教え tell me – vol.18 墓参


 気がつけば今年も半年が過ぎ、あっと言う間に夏を迎えることになりましたが皆さんいかがお過ごしでしょうか?ワールドカップサッカー、日本のベルギー戦を生放送で応援されていた皆さんは、一瞬でも良い夢を見れた代わりに寝不足になられた方も大勢おられるのではないでしょうか?(ちなみに私は生放送を最後まで見ていた口です。)
 さて、毎年この時期になると私の頭に浮かんでくるのはお墓参りのことです。今回は私がまだアメリカに開教使として奉職していた頃の話をご紹介します。赴任当初、米国人は墓参りをする習慣は特に無いと聞いていたので、墓参りに行かなくていいのかぁと勝手に思っていたら、上司の先生が「お墓参りに行く事?ありますよ!」と言われたのを聞き、なぜかと事情を尋ねると、戦争中、米国内に住んでいた日本人がアメリカ兵として最前線に送られた戦没者や、アメリカ人兵に連れてこられて米国内で亡くなった戦争花嫁のお墓に参るとのこと。どうぞ気軽に行ってください。と手書きの地図を渡され向かった初日の目的地が片道700キロと知った時には、これが米国か!と思ったほどでした。

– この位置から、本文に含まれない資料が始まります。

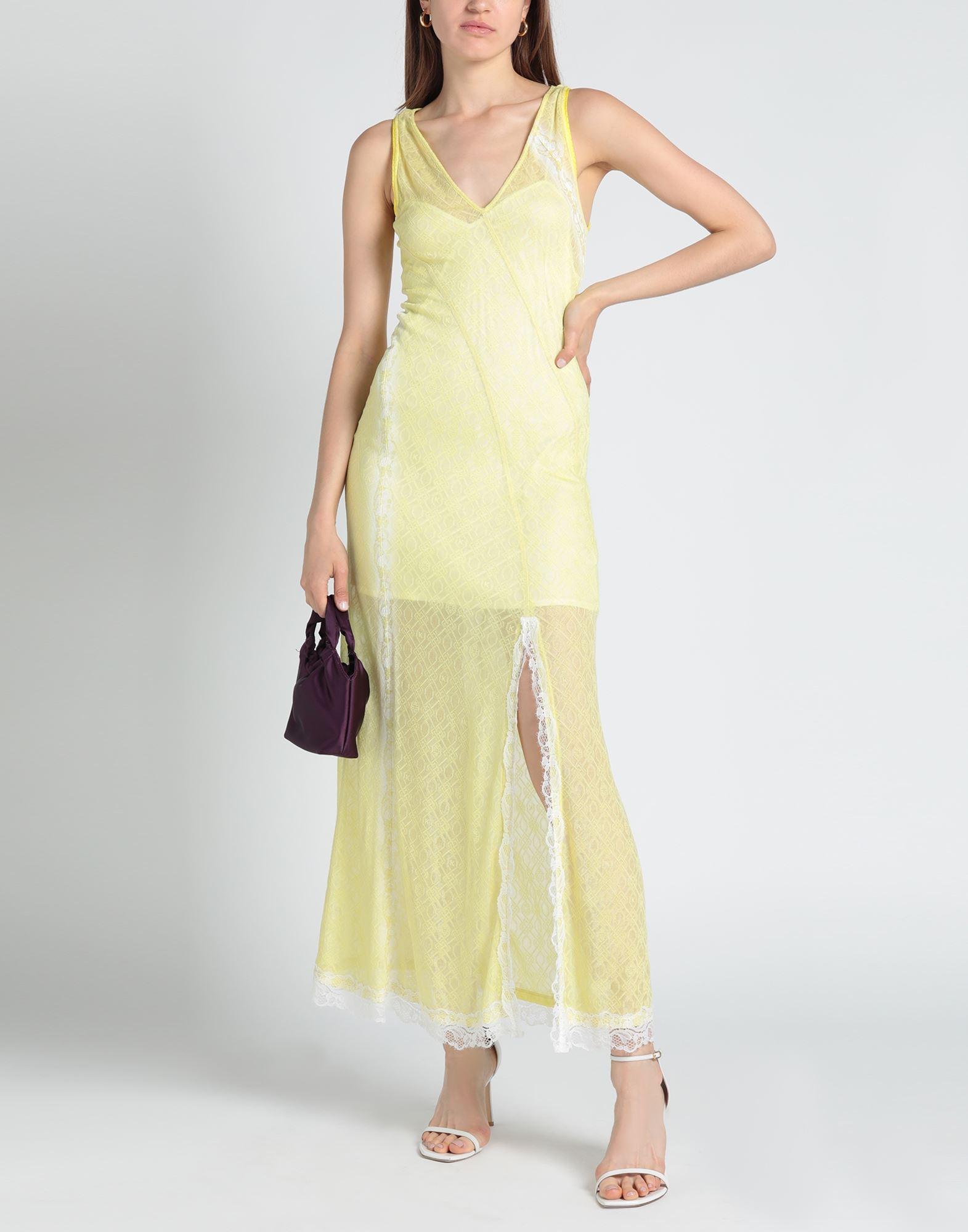 Koche Dresses for Women | Online Sale up to 82% off | Lyst Koche Dresses for Women | Online Sale up to 82% off | Lyst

 早朝コロラド州デンバーを出発し、ニューメキシコ州アルバカーキを目指し高速道路I-25を走り出す。信じられないほどの真っ直ぐな道のりを地平線に向かってただ延々と走っていると、信じられないほど眠くなってきます、すると自然とスピードもあがるもの…今度は信じたくないほどの赤と青のランプを点滅させた車が背後にビタッとついて路肩に車を寄せられ、信じられる範囲内の金額が書かれたチケットを時々プレゼントされた苦い思い出もあります。途中、点在する無縁墓地にお参りさせて頂く時に出会った方にお話を伺ったところ、やはり米国ではみんなが一斉に行う形でのお墓参りの習慣が無く、日本のように○○家の墓といった先祖代々の墓を守るといった考えもほとんどないそうです。基本的に個人単位で埋葬されるので祖父の墓と祖母の墓が全く別の場所だったりすることもあるそうです。その時その方に、あなたはご自身のお墓をどうされるおつもりですか?と尋ねたところ、「私は自分の墓は、すでに生前契約で購入済みで場所も押さえてありますよ」と言われ、さらに「日本のようなお墓参りの習慣は確かにありませんが、だからといってアメリカ人が薄情なわけでなく、亡くなった大切な人はいつも心にいるんです。」と熱弁されたのを聞き、私もMe too.と華麗に受け答えしたのが今では懐かしいおもいでです。
 キリスト教の文化では、亡くなられた方の魂は神のもとへおもむくとの考え方から、お墓へは葬儀の時にいく程度ですし、土地が広大なこともあり頻繁にはお墓参りはしません。ただ、亡くなった大切な方々が私にとって今どういう存在で有り続けるのか?といったことでいうと国境は無いのかもしれないと感じました。様式は違えど故人を思う気持ちは世界共通。どこの世界でもどんな宗派でも、先人に感謝の念を送り続けていると考えると、もしかしたら戸惑うことも少ないのかもしれません。 ただ、日々の暮らしの中で先立つ方をどういただいていくか?これから先を生きていく私たちひとりひとりが、たえず心がけていかねばならないことでしょう。